Wake Up

I don’t really identify with music. I mean in the sense that I don’t use music to attach to specific meanings or feelings. Lyrics are like instruments in that I couldn’t tell you what the words are or what they meant any better than I could tell you what the guitar or drums are saying. Everything comes together in rhythm and melody in a way that I enjoy.

Every now and then, though, a song will ingrain itself into my brain and become completely linked to a particular point in time due to repetition.

When I was a teenager, I collected comics. I bought the twelve issue series of Watchmen, which by the early 90s had already had multiple printings. While I read it, I’d listen to music on my Compact Disc player. I had maybe a dozen CDs at the time including Paula Abdul’s Spellbound featuring QSound technology, and Phantom of the Opera. Clearly, I am a man of impeccable taste in music.

The album I listened to on repeat, though, while reading these engrossing comic books was Soul II Soul’s debut album, Club Classics Vol. One. To this day, any time I hear Back to Life come on, I’m instantly transported to my teenage bedroom, the afternoon light coming through my window, as I sit on the floor, wondering what Dr. Manhattan would do.

After that, it wasn’t until March of 2009 that another song would create such an intertwining to an indelible moment. The song was Wake Up by Arcade Fire. While the song had been released in 2004, I first came across it when it was used in the trailer for Where the Wild Things Are—a book I had and enjoyed reading when I was a child and that I enjoyed reading to my kids, then 5 and 1½.

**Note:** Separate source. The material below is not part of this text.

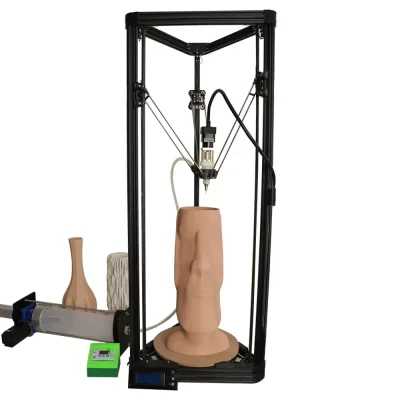 HE3D TC-280 Impressora 3D de Argila 2L barril DIY Kit Cerâmica grande quadro tipo kossel Impressora 3D de Argila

My wife (at the time) and I were in the process of adopting our third child. Unfortunately, it never came to pass. We had gone through failed adoptions a few times before and the reason this time was no different than those other times: the mother chose to keep the child—a perfectly reasonable, respectful, and honourable decision.

Perhaps because I had been more open about this attempt, the failure hit me hard. (Failure doesn’t feel like the right word here. Nobody failed. It’s nobody’s fault. Circumstances changed.)

Wake Up was played on repeat.

To this day, 16 years later, whenever I hear that song, I’m brought to tears.

Somethin’ filled up
My heart with nothin’
Someone told me not to cry

Now that I’m older
My heart’s colder
And I can see that it’s a lie

That failed adoption precipitated events that led to my asking for a divorce three months later.